Soon, Heeley started thinking about her work very differently—and feeling new urgency to share nuclear innovation stories with non-nuclear audiences in ways that inspired stronger public interest. “There are a lot of smart people working on this but we don’t know how to talk to anyone but ourselves,” admits Heeley. She credits the Innovators Network for helping her identify ways to communicate her work differently, and with different audiences in mind. “What this community needs is someone to tell us, ‘You’re all talking to each other in your secret language, and that’s why you’re not moving the ball on these issues.’”

After Heeley proposed her podcast idea, N Square connected her with Public Radio International (PRI), an N Square partner whose new corporate strategy focuses on cultivating the network effect. PRI CEO Alissa Miller, who learned about N Square by attending a TED luncheon in 2016, had signaled an interest in closer collaboration, saying she sees PRI’s job as “building bridges in a fractured society.” With that in mind, N Square facilitated a meeting with Kathy Merritt, then PRI’s VP for content strategy and development. Merritt, a 30-year veteran in radio, is responsible for identifying and acquiring diverse new talent and supporting PRI’s productions to increase audience and impact.

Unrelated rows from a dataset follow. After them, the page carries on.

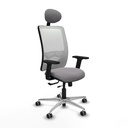 Zulema traslack malla blanca similpiel gris brazos 2D base aluminio cabecero fijo ruedas 65mm engomadas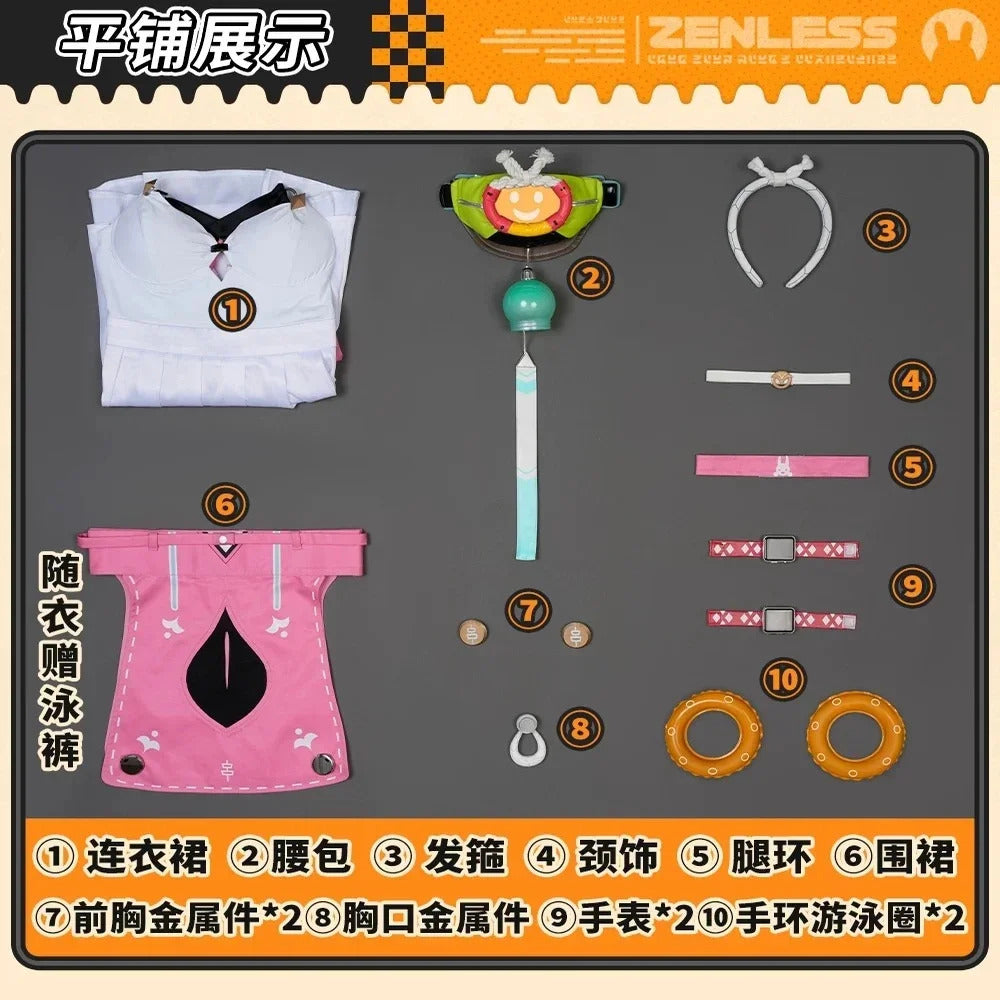 Zenless Zone Zero Alice Thymefield Swimsuit Cosplay Costume Swimsuit Halloween Carnival Party Christmas Play Role Clothing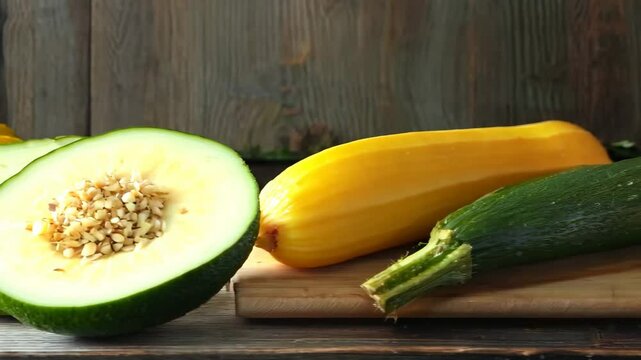 zucchini on a wooden table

Merritt loved Heeley’s proposal and—with N Square, Ploughshares Fund, and others on board as funders—agreed to pilot “Things That Go Boom” and test its potential to inspire millions to feel more connected to nuclear issues. The series debuted at the beginning of 2018 and proved an almost instant success. Within weeks, the podcast had been downloaded more than 230,000 times and made iTunes’s “New and Noteworthy” list. Pilot episodes covered stories about nuclear false alarms, deterrence theory as interpreted by an 11-year-old boy, how Nancy Sinatra’s hit “These Boots Were Made for Walking” became a military anthem, and—in acknowledgment of another Innovators Network member—how Tom Weis, professor at Rhode Island School of Design, is training industrial design students to use their skills to reduce nuclear threats.

The show has hit a chord with listeners. “A nice kickoff to understanding the logic of stumbling into a nuclear war nobody wants,” said one listener about the first episode. And it manages to do just what Heeley had long envisioned. “‘Things That Go Boom’ explores national security and foreign policy in a way that doesn’t make you want to gouge out your eyes,” reads a memo released jointly by PRI and Heeley. “You don’t have to be an expert to tune in. Just grab a cup of whatever you like and pull up a seat.”